As Judge Sitarski has indicated, Plaintiffs' Second Amended Complaint illustrates circumstances pertaining to Ryan's schooling which are capable of being addressed by compensatory education. (R&R 12). Although Plaintiffs characterize their claims as a failure to implement and retaliation, they repeatedly cite to the District's denial of Ryan's FAPE as the foundation of harm - a type of harm which compensatory education addresses. (See Pls.' Second Am. Compl. ¶¶ 66, 81, 92, 101); see also Heather D., 511 F. Supp. 2d at 555 (describing how compensatory education compensates a student for the deprivation of a FAPE). Plaintiffs assert that the District provided "ineffective" tutoring, leading Plaintiffs to request private tutoring. (See Pls.' Second Am. Compl. ¶¶ 52-55). Equitable relief, including compensatory education, is capable of addressing this issue, as well as other issues Plaintiffs raise, such as tuition reimbursement and Ryan's exclusion from extracurricular activities. (See Pls.' Second Am. Compl. ¶¶ 58, 65-67); D.F., 694 F.3d at 499 (describing how appropriate IDEA remedies are determined on a case-by-case basis and finding compensatory education appropriate to address a school's denial of a FAPE although the student later moved out of state); see also B.H. v. Portage Pub. Sch. Bd. of Educ., 08-CV-293, 2009 U.S. Dist. LEXIS 7604, at *31-32 (W.D. Mich. Feb. 2, 2009) (finding plaintiffs' claims, including retaliation for plaintiffs' exclusion from extracurricular activities, were educational in nature).

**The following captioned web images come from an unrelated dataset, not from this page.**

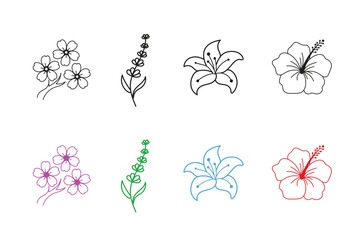 Obraz premium Floral Illustration Set with Delicate Flower Outlines and Color Variations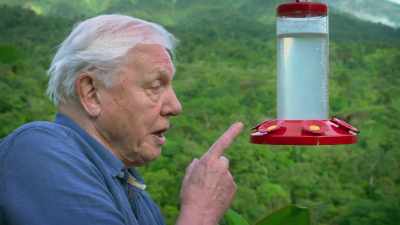 Brightly coloured down here - Attenborough's Life in Colour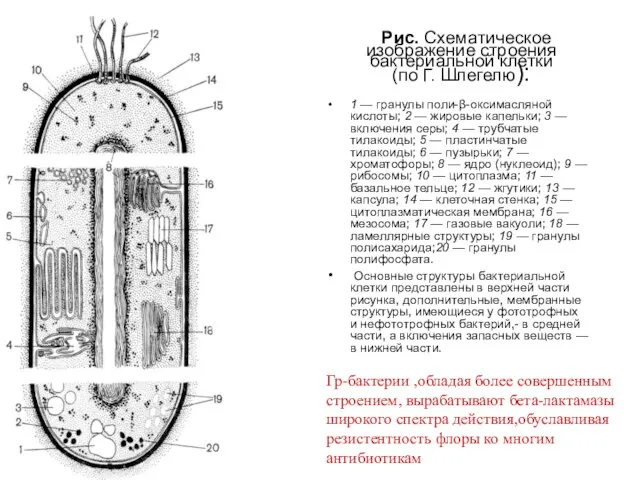 Рис. Схематическое изображение строения бактериальной клетки (по Г. Шлегелю): 1 —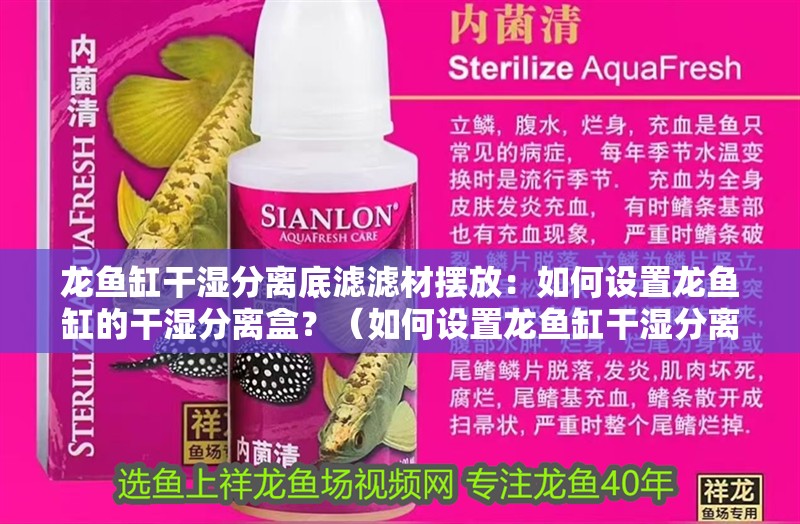 龍魚(yú)缸干濕分離底濾濾材擺放：如何設(shè)置龍魚(yú)缸的干濕分離盒？（如何設(shè)置龍魚(yú)缸干濕分離盒）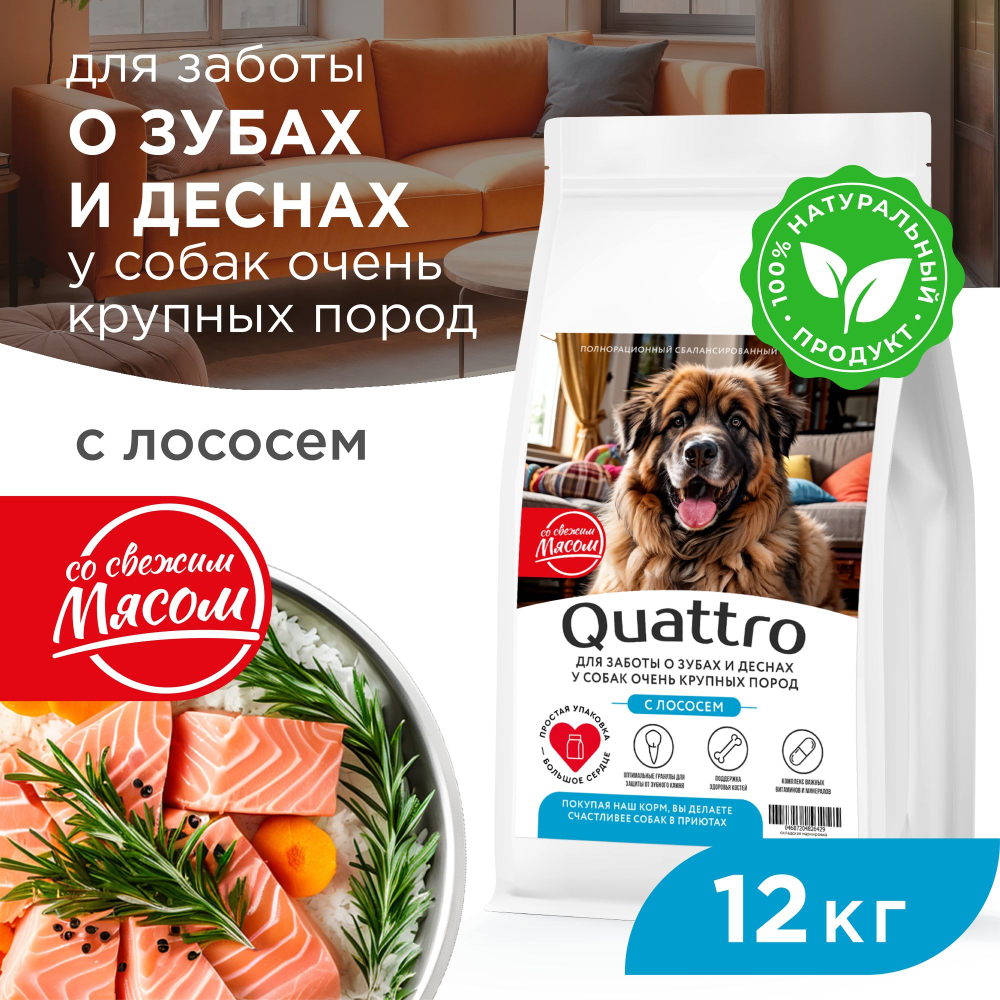 Корм сухой для взрослых собак очень крупных пород, премиум полнорационный комплекс, для заботы зубов и десен, с лососем, 12 кг, QUATTRO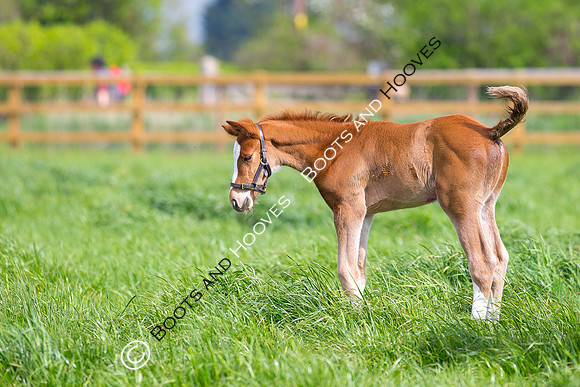 Foal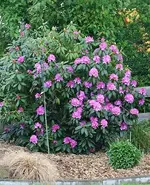 Rhodi beginnt zu blühen_kleiner.webp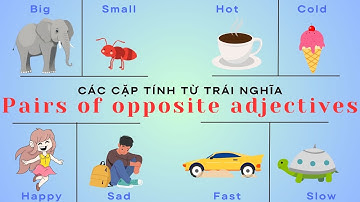 Tính Từ Trái Nghĩa - Bé Học Tiếng Anh Tính Từ Trái Nghĩa - OPPOSITE ADJECTIVES IN ENGLISH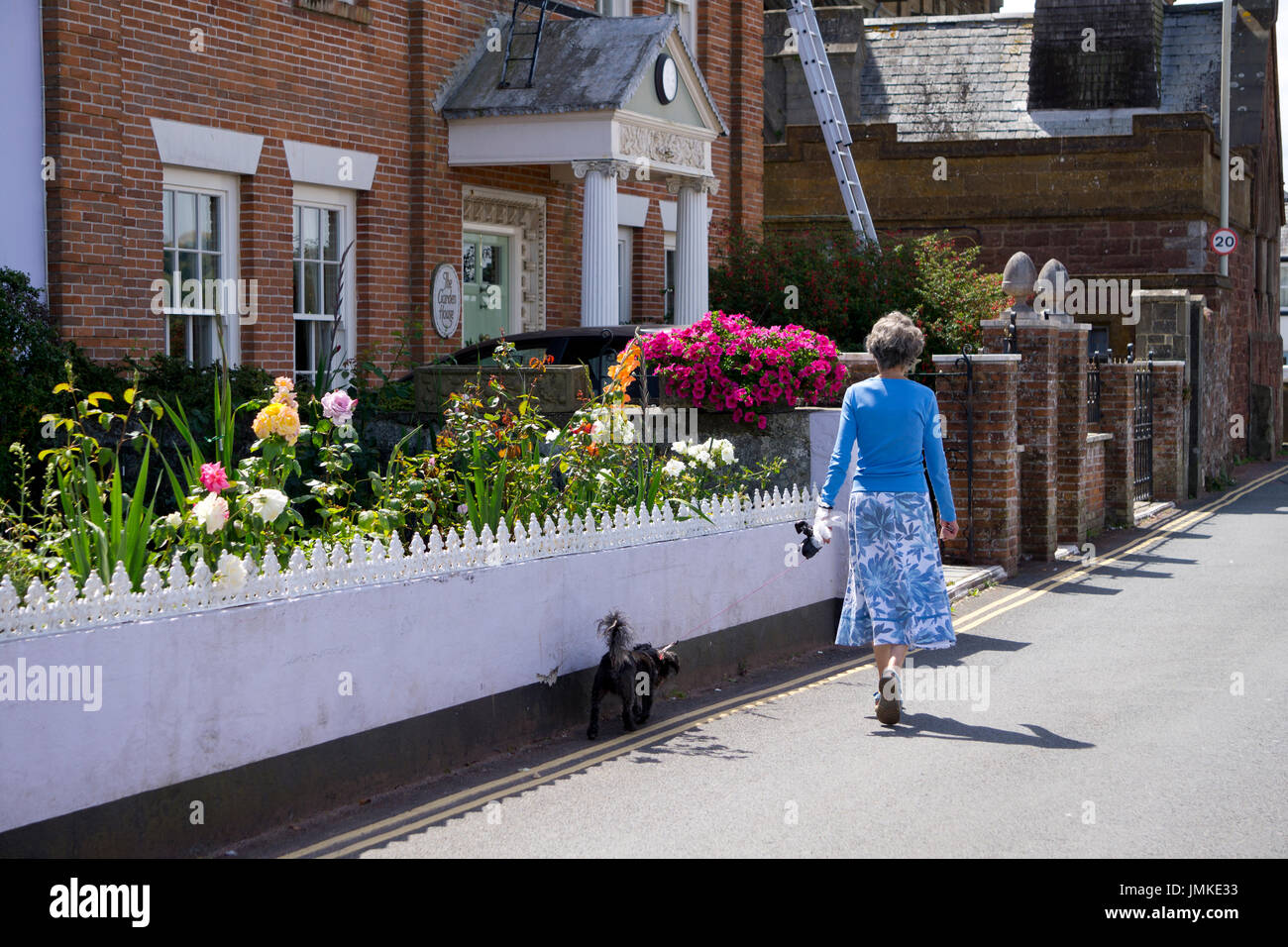 Les femmes promener son petit chien le long d'une rue en Angleterre, Royaume-Uni Banque D'Images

Finally, attorney fees, which Plaintiffs also seek, are available through the administrative process. Swope, 796 F. Supp. 2d at 601. Therefore, given the facts alleged, Judge Sitarski did not err in finding that compensatory education, among other equitable relief, is available to Plaintiffs via the administrative process.

To the extent Plaintiffs argue that the District's previous noncompliance with prior settlement agreements renders compensatory education inappropriate, this argument is unpersuasive. In the IDEA context, courts generally find that prior inadequate relations between parties do not foreclose or make futile similar relief in the future. See Falzett v. Pocono Mt. Sch. Dist., 150 F. Supp. 2d 699, 703 (M.D. Pa. 2001)( (finding that prior "animosity between the parties" did not render "the plaintiff's administrative remedies futile."); see also M.M. v. Tredyffrin / Easttown Sch. Dist., 06-CV-1966, 2006 U.S. Dist. LEXIS 62918, at *20 (E.D. Pa. Sept. 5, 2006) (rejecting plaintiffs' assertion that because plaintiffs' past interactions with school administrators resulted in "one empty promise after another," seeking relief through the IDEA administrative process would be futile). This is true even where prior settlement agreements are at issue. See J.H.& S.N. ex rel. J.H. v. Egg Harbor Twp. Bd. of Educ., 08-CV-488, 2009 U.S. Dist. LEXIS 40096, at *11-13 (D.N.J. May 11, 2009) (declining to excuse plaintiffs from exhaustion despite two prior failed settlement agreements procured outside of the administrative process where educational harm remained a central issue). Therefore, contrary to Plaintiffs' assertion, "the facts of this case" do suggest that compensatory education is still appropriate. (Pls.' Objs. R&R 5); see Falzett, 150 F. Supp. 2d at 703. Accordingly, Plaintiff's second objection shall be overruled.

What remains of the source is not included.